Danielle founded Edinburgh Foody in 2010. Having qualified as a professional bread baker in France in 2014, she is now on a new adventure in Gloucestershire. Check out severnbites.com Look out for occasional posts for Edinburgh Foody

24 Comments

  1. Every winter when I was a kid my father would make potato candy, taffy and chocolate fudge. He would have all three kids “helping” him and it must have taken all day because we all got a turn and each felt like we’d really done the job.

    Once the candy was done he would plate it up and each of us would carry a small plate with one piece and take it to my mother. She’d gush and tell us how clever we were.

    THEN we got to eat them. I can’t eat a peppermint patty today without thinking of my father and what terrific dad he was.

  2. Susan McNaughton

    Bananas. Yup, bananas. Major food memory.

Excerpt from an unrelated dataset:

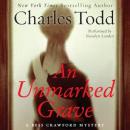 Unmarked Grave: A Bess Crawford Mystery Audiobook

    My Dad was brought up during the second world war. He was only 7 when war broke out. So all through his childhood he didn’t ever have a banana. He says that sometimes as a treat, his mum used to make a dessert out of sweetened parsnips and tell him that they were bananas. All through his adult life he avoided eating parsnips.

    When we were children, one of the great delights of a Sunday morning breakfast was a bacon and banana omelette, made by Dad. He didn’t slice the bananas straight across, always cutting them alternately on the cross into little wedge-shaped slivers. I wonder if that was to make them appear to go further as they’d been denied him as a child?

    Those omelettes were good!

  3. Everytime I make rock buns I think of my grandparents my grandmother who taught me to make them and my grandfather who taught me the joy of eating them. I remember how gran always managed to guess just how much butter was needed and how I was always so impressed with this. When I am rubbing in the flour I hear myself asking my gran if its rubbed in enough and her always saying a bit more. Mixing the egg and milk with an old wartime fork with one of the tines broken. Most of all I remember my grandads mmm’s and these are the best rock buns in the world!

  4. We used to spend the summers at our family friend’s summer house on Cape Bretton Island, Nova Scotia. One year their dad thought it would be a good idea for us kids to watch the fisherman gut our fish supper….it was mackerel…one of the bloodiest fish ever. I will never forget him making us hand around the heart. Twenty years later, I love mackerel, but I’m always taken back to that day.

  5. I will always remember baking with my gran when I was young. She baked nearly every day and had books and books of handwritten recipes for sweet treats and savoury dishes too – a lot of them war-time recipes which were easy on the ration book.

    She would always get me to help – weighing out the ingredients, creaming the butter and sugar, turning the oven to the correct temperature (and then letting her know when the light went off indicating it was ready – a very important job for a little girl I thought!!).

    The smells in the kitchen were fantastic – scones, broths, pies, cakes, but my favourite was always her cherry madeira cake. Plain, golden and delicious. She taught me about coating the cherries in flour to stop them sinking – one of many little tips of hers I still use today.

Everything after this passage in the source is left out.